**HOW TO COMPLETE THIS TASK:** From the records below, state how many lines include the word "dark", giving only that number.

**RECORDS FOR THE TASK:**
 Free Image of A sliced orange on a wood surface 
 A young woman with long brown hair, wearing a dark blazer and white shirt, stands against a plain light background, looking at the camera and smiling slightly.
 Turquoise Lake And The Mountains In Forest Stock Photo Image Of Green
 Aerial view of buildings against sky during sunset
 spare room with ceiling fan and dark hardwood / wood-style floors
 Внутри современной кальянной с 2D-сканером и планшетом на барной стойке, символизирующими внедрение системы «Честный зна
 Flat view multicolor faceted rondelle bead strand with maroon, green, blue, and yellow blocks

--

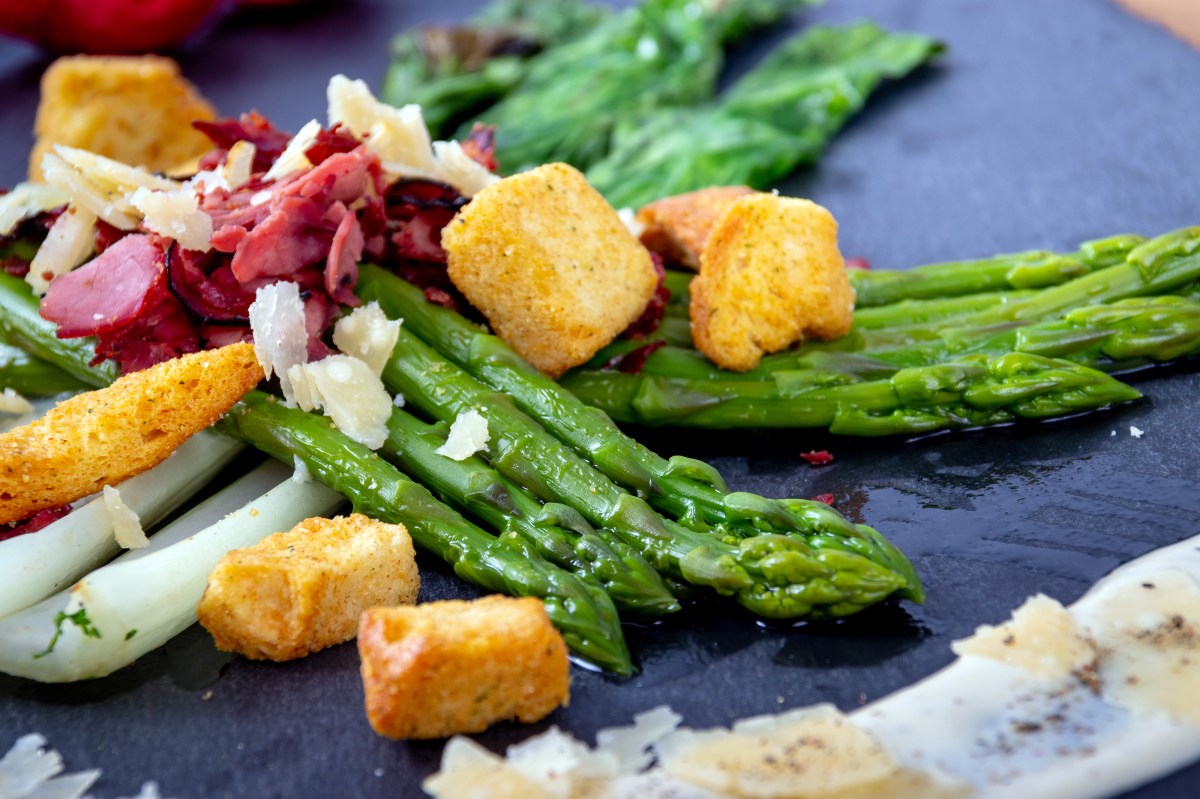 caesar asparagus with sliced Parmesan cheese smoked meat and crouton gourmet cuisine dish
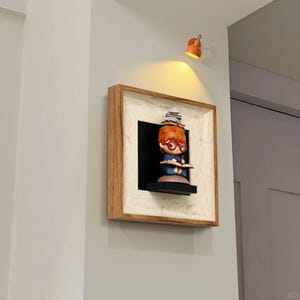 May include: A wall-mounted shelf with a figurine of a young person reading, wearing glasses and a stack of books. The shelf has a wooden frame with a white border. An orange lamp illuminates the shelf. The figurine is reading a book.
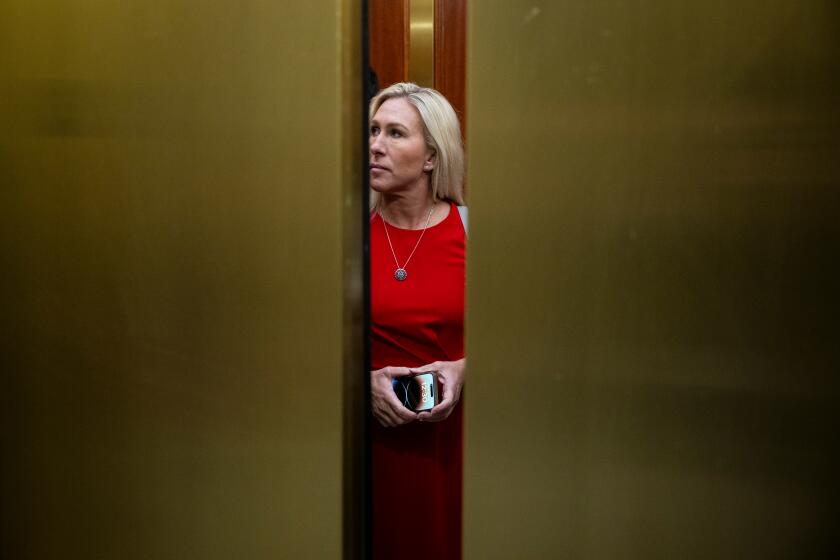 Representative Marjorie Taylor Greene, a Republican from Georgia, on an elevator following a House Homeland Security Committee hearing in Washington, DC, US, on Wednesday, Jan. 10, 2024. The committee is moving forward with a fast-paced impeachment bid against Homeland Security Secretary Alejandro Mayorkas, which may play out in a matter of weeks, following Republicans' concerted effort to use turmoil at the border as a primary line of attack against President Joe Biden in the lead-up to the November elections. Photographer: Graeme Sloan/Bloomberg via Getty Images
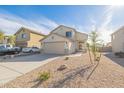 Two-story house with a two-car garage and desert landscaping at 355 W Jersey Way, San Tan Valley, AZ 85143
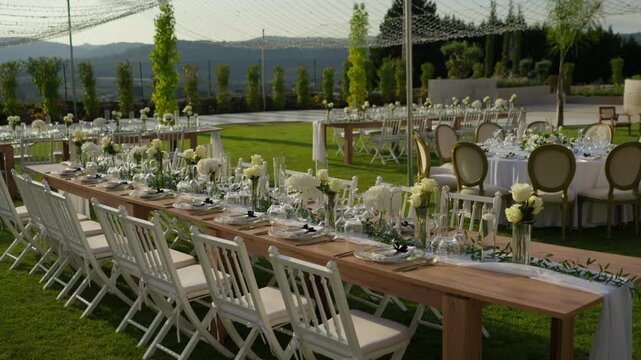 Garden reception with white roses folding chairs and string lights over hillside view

* * *

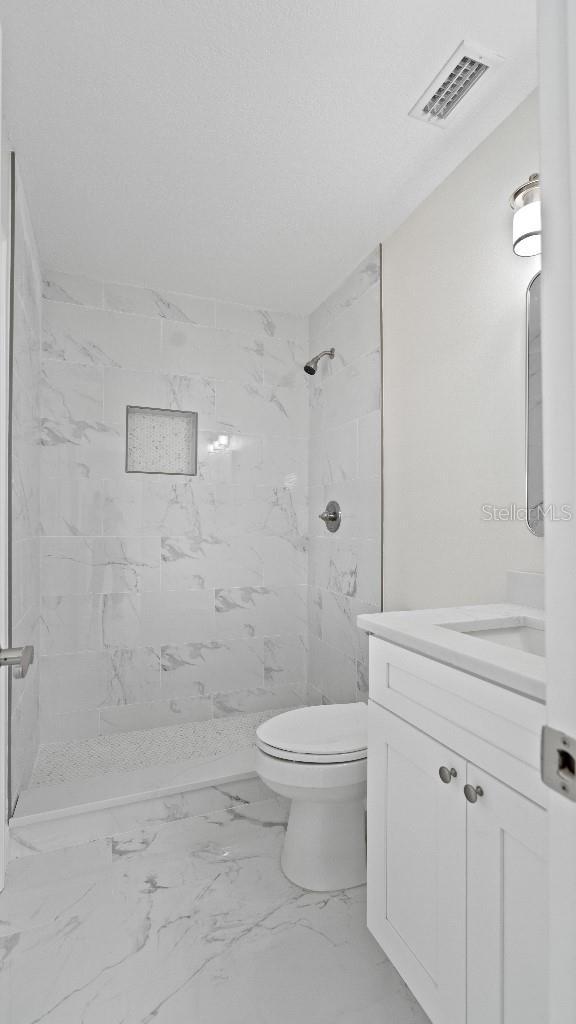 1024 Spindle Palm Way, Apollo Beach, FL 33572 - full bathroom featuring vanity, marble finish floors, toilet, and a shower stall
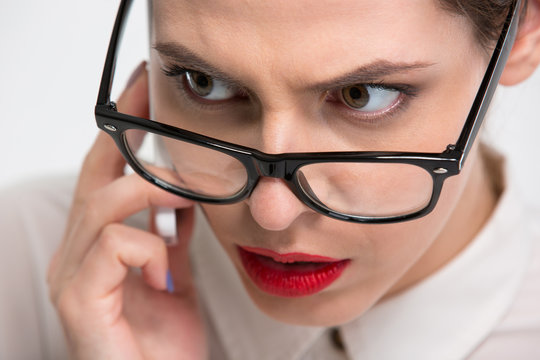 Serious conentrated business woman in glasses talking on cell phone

**ANSWER SPACE:** 2